In Jesus’ exchange with the Samaritan woman in the Gospel of John, he tells her: “salvation is from the Jews” (John 4:22). The Church affirms that Christ’s rootedness in the Jewish people signifies that salvation indeed has come from the Jews. The teaching of the Second Vatican Council on the Jewish people and the successive teaching in article 4 of the Declaration Nostra Aetate (NA) insists that the relationship with the Jewish people, the constant reference to the Scriptures of Israel (the Old Testament) and familiarity with Israel’s traditions are essential elements in getting to know Jesus of Nazareth, proclaimed by Christians as Messiah, Son of God and Savior of the world. The Church indeed affirms with Jesus that salvation is from the Jews. A much more sensitive question concerns from where does the salvation of the Jews come?

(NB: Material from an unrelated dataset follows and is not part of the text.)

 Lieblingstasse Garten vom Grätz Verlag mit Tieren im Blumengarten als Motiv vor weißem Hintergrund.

The stance of the Church toward the Jews
The Declaration Nostra Aetate affirmed that the Church must proclaim Jesus as Messiah, Son of God and Savior in its first paragraph: “Indeed, (the Church) proclaims, and ever must proclaim Christ ‘the way, the truth, and the life’ (John 14:6), in whom men may find the fullness of religious life, in whom God has reconciled all things to Himself.”

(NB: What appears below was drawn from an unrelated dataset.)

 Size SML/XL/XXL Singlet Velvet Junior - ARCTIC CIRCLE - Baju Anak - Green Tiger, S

The document, published by the Commission of the Holy See for Religious Relations with the Jews for the celebration of the 50th anniversary of Nostra Aetate, reaffirmed this principle of Christian mission but recognized the complexity of this task within the relationship with the Jews. “Another focus for Catholics must continue to be the highly complex theological question of how Christian belief in the universal salvific significance of Jesus Christ can be combined in a coherent way with the equally clear statement of faith in the never-revoked covenant of God with Israel. It is the belief of the Church that Christ is the Savior for all. There cannot be two ways of salvation.”
The affirmation that Christ is the unique Savior makes many Jews uncomfortable, so uncomfortable sometimes that the great 20th century Jewish thinker, Abraham Joshua Heschel, commented “If I were asked either to convert or to die in Auschwitz, I’d rather go to Auschwitz.” Christians as disciples of Christ, who, according to their belief, was sent “to the Jew first and to the Greek also” (Rom 1:16), are called therefore to reflect on the apparent tension between a Christian commitment to preaching Christ as Savior of all and the engagement in respect for the Jews, dialogue and collaboration with them.